I have an application deployed to Kubernetes that depends on an outside application. Sometimes the connection between these 2 goes to an invalid state, and that can only be fixed by restarting my application.

To do automatic restarts, I have configured a liveness probe that will verify the connection.

This has been working great, however, I'm afraid that if that outside application goes down (such that the connection error isn't just due to an invalid pod state), all of my pods will immediately restart, and my application will become completely unavailable. I want it to remain running so that functionality not depending on the bad service can continue.

I'm wondering if a pod disruption budget would prevent this scenario, as it limits the # of pods down due to a "voluntary" disruption. However, the K8s docs don't state whether liveness probe failure are a voluntary disruption. Are they?
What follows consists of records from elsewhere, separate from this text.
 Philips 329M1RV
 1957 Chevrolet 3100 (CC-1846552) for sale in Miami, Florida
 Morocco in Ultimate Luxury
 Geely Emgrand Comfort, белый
Is it feasible to migrate the outside application to your Kubernetes cluster? This won't directly answer your question but I'd reckon you could take a look on following articles: [1](https://blog.risingstack.com/designing-microservices-architecture-for-failure/), [2](https://loft.sh/blog/kubernetes-readiness-probes-examples-common-pitfalls/#external-dependencies), [3](https://cloud.google.com/architecture/scalable-and-resilient-apps#resilience_designing_to_withstand_failures) — Dawid Kruk, Apr 27 '21 at 13:36
@DawidKruk the outside application unfortunately is Azure CosmosDB, which doesn't have the best client drivers for the environment I'm in. However, I've had similar issues using ioredis to connect to my self-hosted Redis cluster, so I'll take a look. Thanks! — roim, Apr 27 '21 at 20:33

score 1 · Accepted Answer · answered May 13 '21 at 11:33

I would say, accordingly to the documentation:

Voluntary and involuntary disruptions

Pods do not disappear until someone (a person or a controller) destroys them, or there is an unavoidable hardware or system software error.
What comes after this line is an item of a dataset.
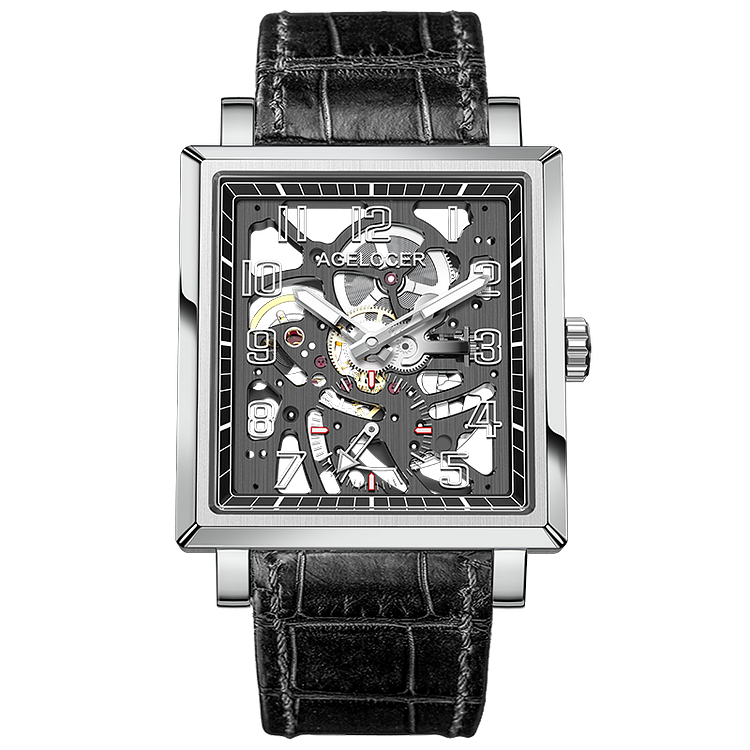 Codex Male Series Automatic Mechanical Watches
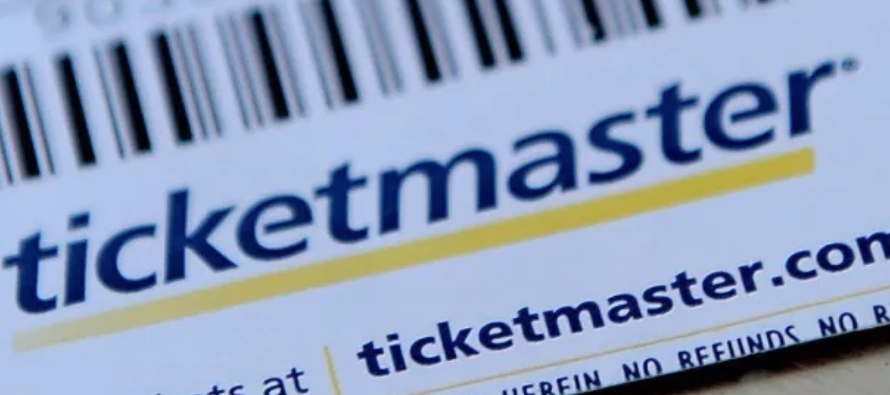 Live Nation añadió que “calificar a Ticketmaster como un monopolio puede ser...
We call these unavoidable cases involuntary disruptions to an application. Examples are:

a hardware failure of the physical machine backing the node

cluster administrator deletes VM (instance) by mistake

cloud provider or hypervisor failure makes VM disappear

a kernel panic

the node disappears from the cluster due to cluster network partition

eviction of a pod due to the node being out-of-resources.

Except for the out-of-resources condition, all these conditions should be familiar to most users; they are not specific to Kubernetes.

We call other cases voluntary disruptions. These include both actions initiated by the application owner and those initiated by a Cluster Administrator. Typical application owner actions include:

deleting the deployment or other controller that manages the pod

updating a deployment's pod template causing a restart

directly deleting a pod (e.g. by accident)

Cluster administrator actions include:

Draining a node for repair or upgrade.

Draining a node from a cluster to scale the cluster down (learn about Cluster Autoscaling ).

Removing a pod from a node to permit something else to fit on that node.

-- Kubernetes.io: Docs: Concepts: Workloads: Pods: Disruptions

So your example is quite different and according to my knowledge it's neither voluntary or involuntary disruption.

Also taking a look on another Kubernetes documentation:

Pod lifetime

Like individual application containers, Pods are considered to be relatively ephemeral (rather than durable) entities. Pods are created, assigned a unique ID (UID), and scheduled to nodes where they remain until termination (according to restart policy) or deletion. If a Node dies, the Pods scheduled to that node are scheduled for deletion after a timeout period.

Pods do not, by themselves, self-heal. If a Pod is scheduled to a node that then fails, the Pod is deleted; likewise, a Pod won't survive an eviction due to a lack of resources or Node maintenance. Kubernetes uses a higher-level abstraction, called a controller, that handles the work of managing the relatively disposable Pod instances.

-- Kubernetes.io: Docs: Concepts: Workloads: Pods: Pod lifecycle: Pod lifetime

Container probes

The kubelet can optionally perform and react to three kinds of probes on running containers (focusing on a livenessProbe):

livenessProbe: Indicates whether the container is running. If the liveness probe fails, the kubelet kills the container, and the container is subjected to its restart policy. If a Container does not provide a liveness probe, the default state is Success.

-- Kubernetes.io: Docs: Concepts: Workloads: Pods: Pod lifecycle: Container probes

When should you use a liveness probe?

If the process in your container is able to crash on its own whenever it encounters an issue or becomes unhealthy, you do not necessarily need a liveness probe; the kubelet will automatically perform the correct action in accordance with the Pod's restartPolicy.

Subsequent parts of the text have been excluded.